Your output should repeat the entries below exactly. It should contain no images.

==== Records ====

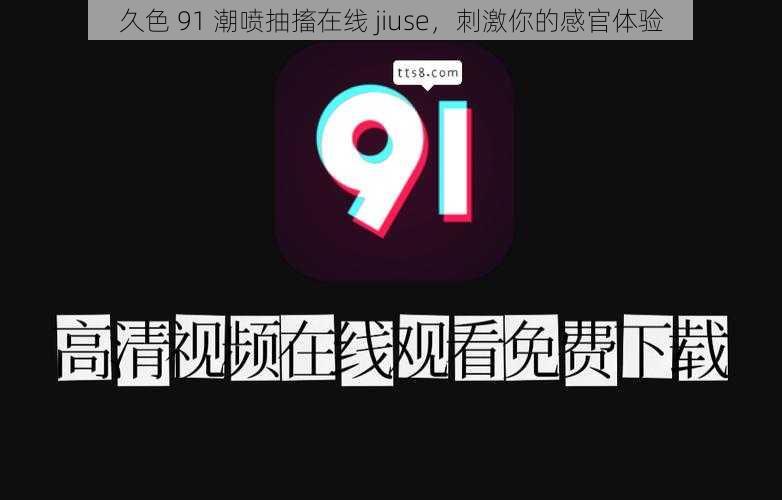 久色 91 潮喷抽搐在线 jiuse，刺激你的感官体验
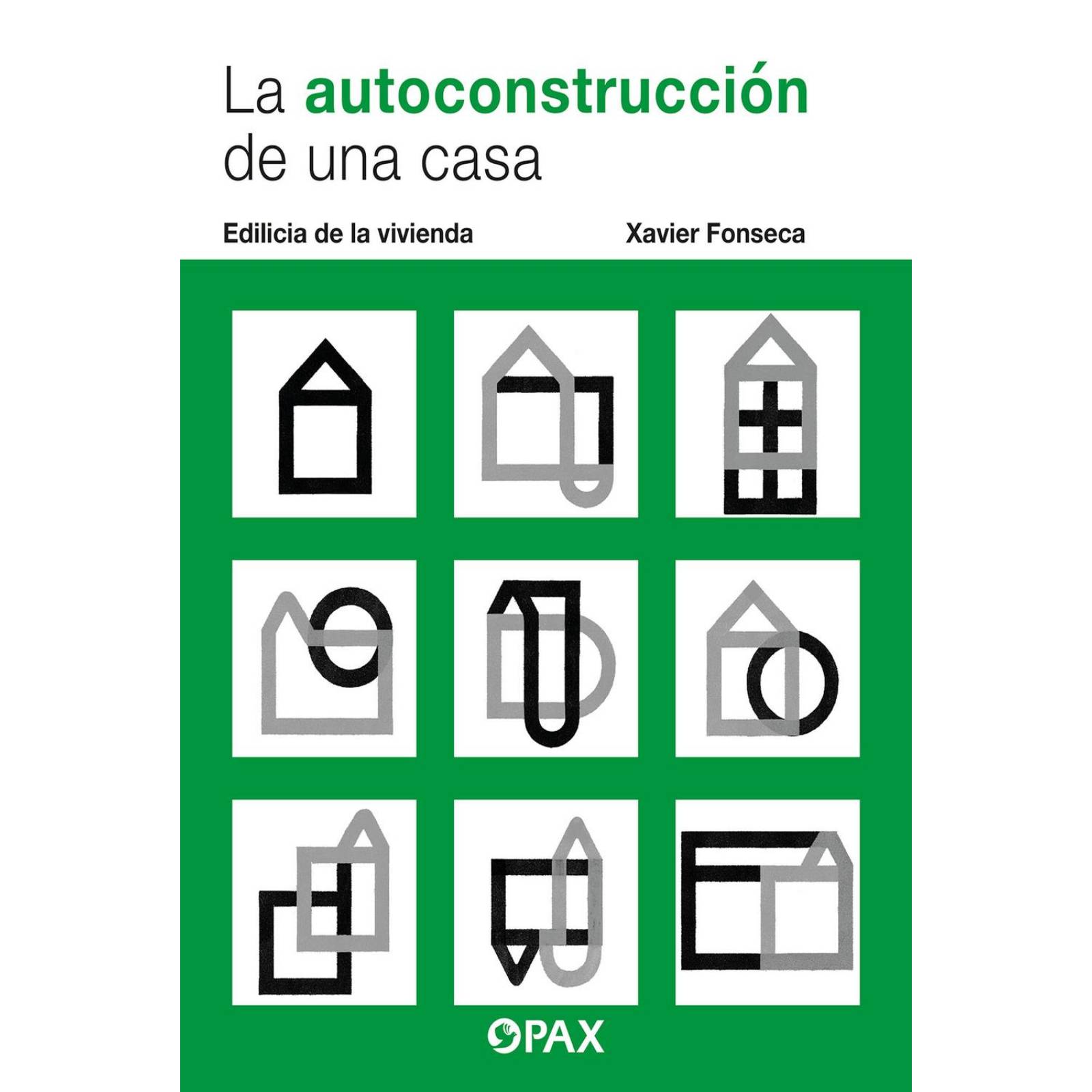 La Autoconstrucción de una Casa 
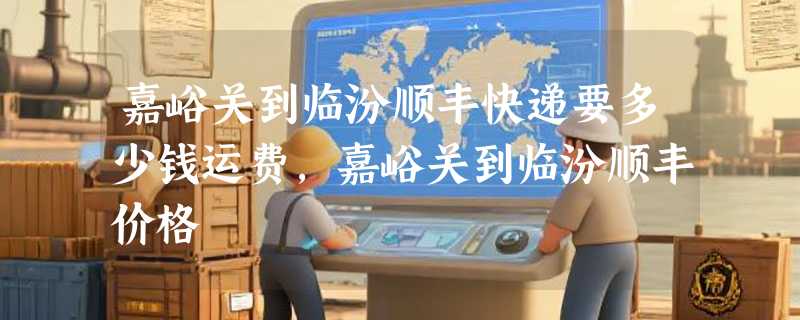 嘉峪关到临汾顺丰快递要多少钱运费，嘉峪关到临汾顺丰价格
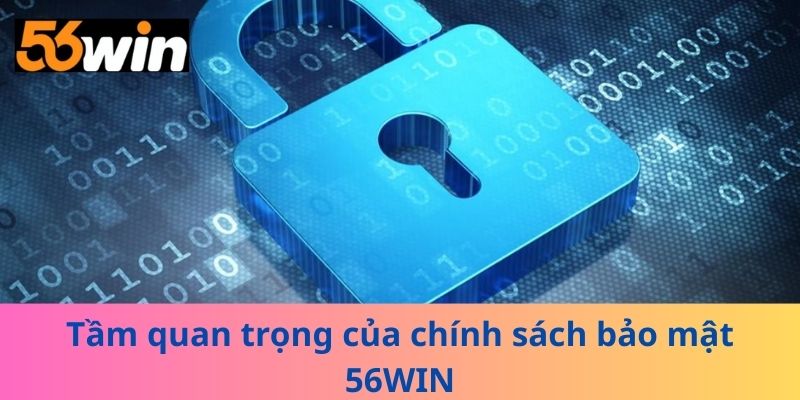 Tầm quan trọng của chính sách bảo mật 56WIN
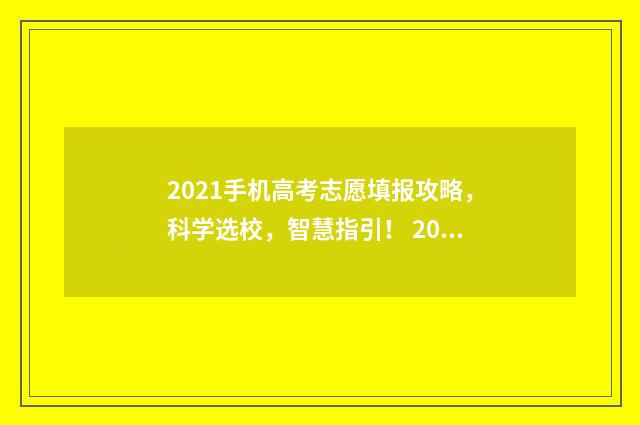 2021手机高考志愿填报攻略，科学选校，智慧指引！ 2021全国高考手机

====

Task solution -
 久色 91 潮喷抽搐在线 jiuse，刺激你的感官体验
 La Autoconstrucción de una Casa 
 嘉峪关到临汾顺丰快递要多少钱运费，嘉峪关到临汾顺丰价格
 Tầm quan trọng của chính sách bảo mật 56WIN
 2021手机高考志愿填报攻略，科学选校，智慧指引！ 2021全国高考手机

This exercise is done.